On 1/14/20 4:49 AM, Jason Gunthorpe wrote:
On Mon, Jan 13, 2020 at 02:47:01PM -0800, Ralph Campbell wrote:
diff --git a/mm/mmu_notifier.c b/mm/mmu_notifier.c index 47ad9cc89aab..4efecc0f13cb 100644 +++ b/mm/mmu_notifier.c @@ -1171,6 +1171,39 @@ void mmu_interval_notifier_update(struct mmu_interval_notifier *mni, } EXPORT_SYMBOL_GPL(mmu_interval_notifier_update); +struct mmu_interval_notifier *mmu_interval_notifier_find(struct mm_struct *mm,
const struct mmu_interval_notifier_ops *ops,
unsigned long start, unsigned long last)
+{
- struct mmu_notifier_mm *mmn_mm = mm->mmu_notifier_mm;
- struct interval_tree_node *node;
- struct mmu_interval_notifier *mni;
- struct mmu_interval_notifier *res = NULL;
- spin_lock(&mmn_mm->lock);
- node = interval_tree_iter_first(&mmn_mm->itree, start, last);
- if (node) {
mni = container_of(node, struct mmu_interval_notifier,
interval_tree);
while (true) {
if (mni->ops == ops) {
res = mni;
break;
}
node = interval_tree_iter_next(&mni->interval_tree,
start, last);
if (!node)
break;
mni = container_of(node, struct mmu_interval_notifier,
interval_tree);
}
- }
- spin_unlock(&mmn_mm->lock);
This doesn't seem safe at all, here we are returning a pointer to memory from the interval tree with out any kind of lifetime protection.

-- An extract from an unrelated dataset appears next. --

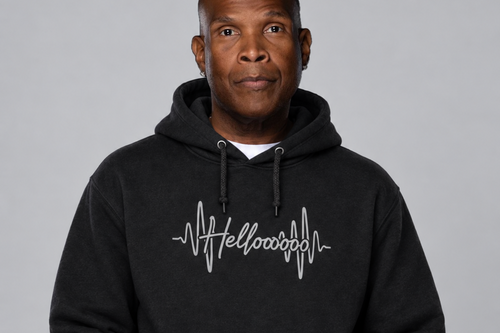 HELLOOOOO black hoodie with silver grey print — front model view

It is memory that the driver has allocated and has full control over the lifetime since the driver does all the insertions and removals. The driver does have to hold the HW page table lock so lookups are synchronized with interval insertions and removals and page table entry insertions and removals.
If the interval tree is read it must be left in the read lock state until the caller is done with the pointer.

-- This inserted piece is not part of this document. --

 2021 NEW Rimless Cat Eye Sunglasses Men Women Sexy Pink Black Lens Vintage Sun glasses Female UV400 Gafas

.. and this poses all sorts of questions about consistency with items on the deferred list. Should find return an item undergoing deletion?

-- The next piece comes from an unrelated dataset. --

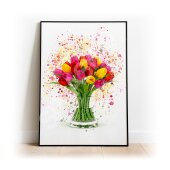 TULIPS Splatter Art Print, High Gloss Print, Splash Art, Home Decor, Colourful Art, Floral Prints Custom Art Work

I don't think so. The deferred operations are all complete when mmu_interval_read_begin() returns, and the sequence number check with mmu_interval_read_retry() guarantees there have been no changes while not holding the driver page table lock and calling hmm_range_fault().
Should find return items using the old interval tree values or their new updated values?
Jason
I think it should only look at the old interval tree and not the deferred insert/remove/updates as explained above.